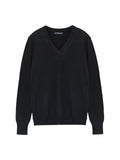Deep V Neck Sweater_Black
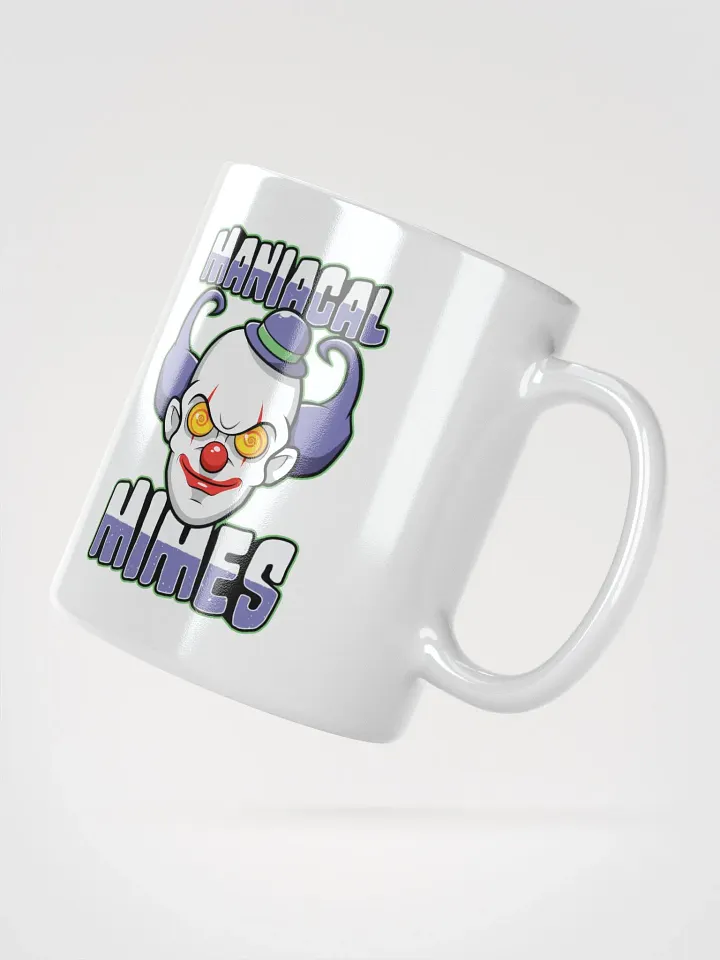 Maniacal Mimes Creepy Clown Coffee Mug – Funny & Spooky Drinkware product image (2)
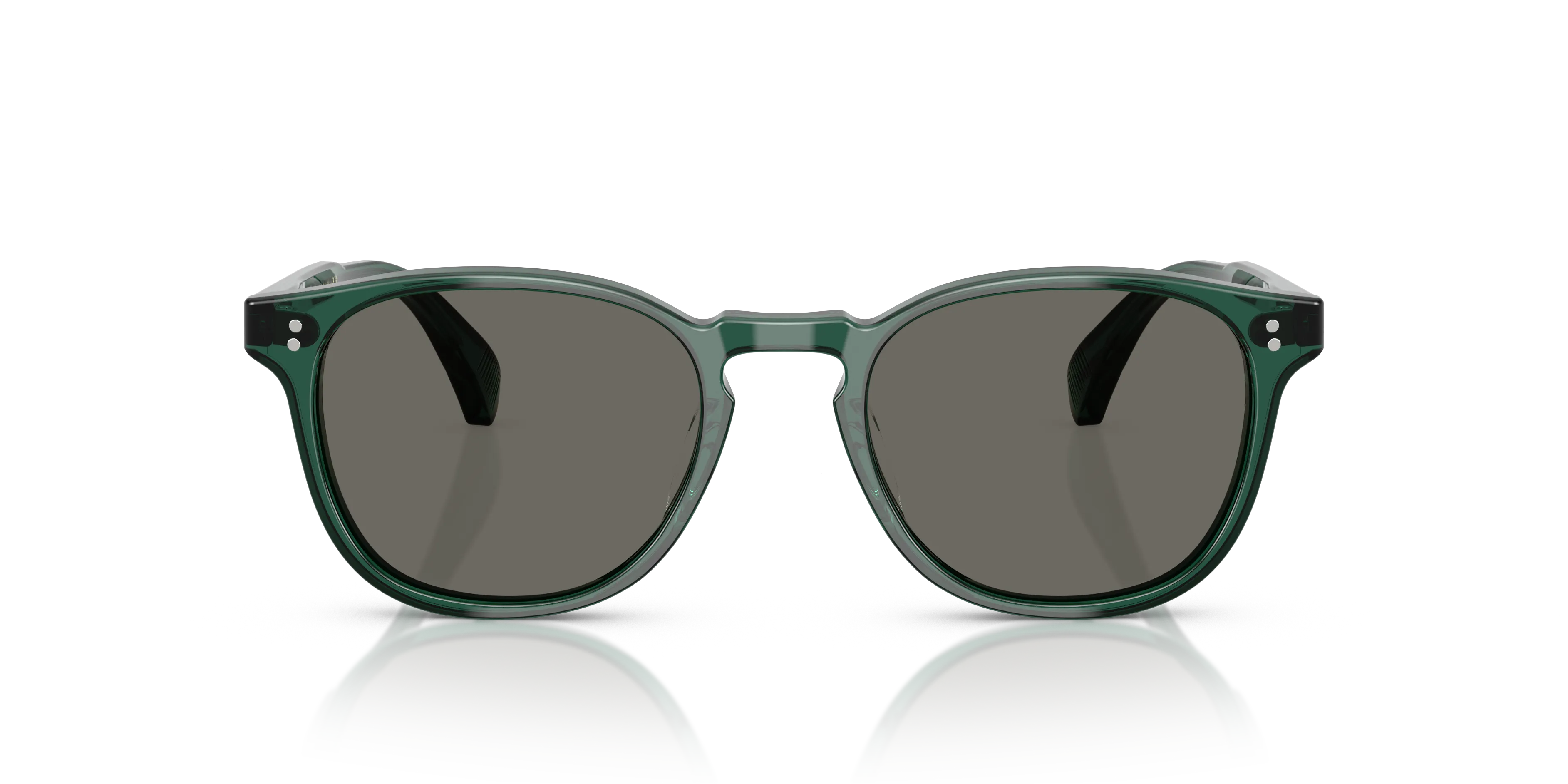 Oliver Peoples OV5298SU FINLEY ESQ. SUN (U) 1763R5 Occhiali da sole Acetato Verde Grigio Rotonda Normale - immagine 3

▶ **Activity**
The data above must be given back verbatim, minus its images.

▶ **Task solution**
Deep V Neck Sweater_Black
 Maniacal Mimes Creepy Clown Coffee Mug – Funny & Spooky Drinkware product image (2)
 Oliver Peoples OV5298SU FINLEY ESQ. SUN (U) 1763R5 Occhiali da sole Acetato Verde Grigio Rotonda Normale - immagine 3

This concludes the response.